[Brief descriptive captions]
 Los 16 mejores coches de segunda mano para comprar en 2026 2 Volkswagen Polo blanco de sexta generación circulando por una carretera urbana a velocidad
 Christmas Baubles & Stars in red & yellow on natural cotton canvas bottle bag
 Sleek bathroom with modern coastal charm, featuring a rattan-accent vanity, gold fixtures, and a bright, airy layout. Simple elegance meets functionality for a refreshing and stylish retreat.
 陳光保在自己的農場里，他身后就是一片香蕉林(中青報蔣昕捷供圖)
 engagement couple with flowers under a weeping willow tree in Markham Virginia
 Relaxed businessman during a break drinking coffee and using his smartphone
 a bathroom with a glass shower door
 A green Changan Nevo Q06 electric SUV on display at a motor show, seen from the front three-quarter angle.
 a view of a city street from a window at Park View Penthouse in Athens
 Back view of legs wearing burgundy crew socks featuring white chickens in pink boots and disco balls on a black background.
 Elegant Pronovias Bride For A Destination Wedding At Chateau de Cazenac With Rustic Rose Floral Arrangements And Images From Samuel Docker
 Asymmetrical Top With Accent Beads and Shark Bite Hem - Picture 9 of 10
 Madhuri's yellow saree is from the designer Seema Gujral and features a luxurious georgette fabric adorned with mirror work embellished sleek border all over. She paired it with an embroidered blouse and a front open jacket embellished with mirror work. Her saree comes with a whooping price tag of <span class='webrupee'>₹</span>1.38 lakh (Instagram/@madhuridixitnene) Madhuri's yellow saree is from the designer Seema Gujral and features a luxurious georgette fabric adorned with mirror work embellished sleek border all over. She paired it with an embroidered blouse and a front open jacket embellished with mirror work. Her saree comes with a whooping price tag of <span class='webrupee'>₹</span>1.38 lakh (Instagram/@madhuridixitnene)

**WHAT YOU ARE ASKED TO DO:**
Within the data above, pick out all lines holding the word "view".

**YOUR SOLUTION:**
 a view of a city street from a window at Park View Penthouse in Athens
 Back view of legs wearing burgundy crew socks featuring white chickens in pink boots and disco balls on a black background.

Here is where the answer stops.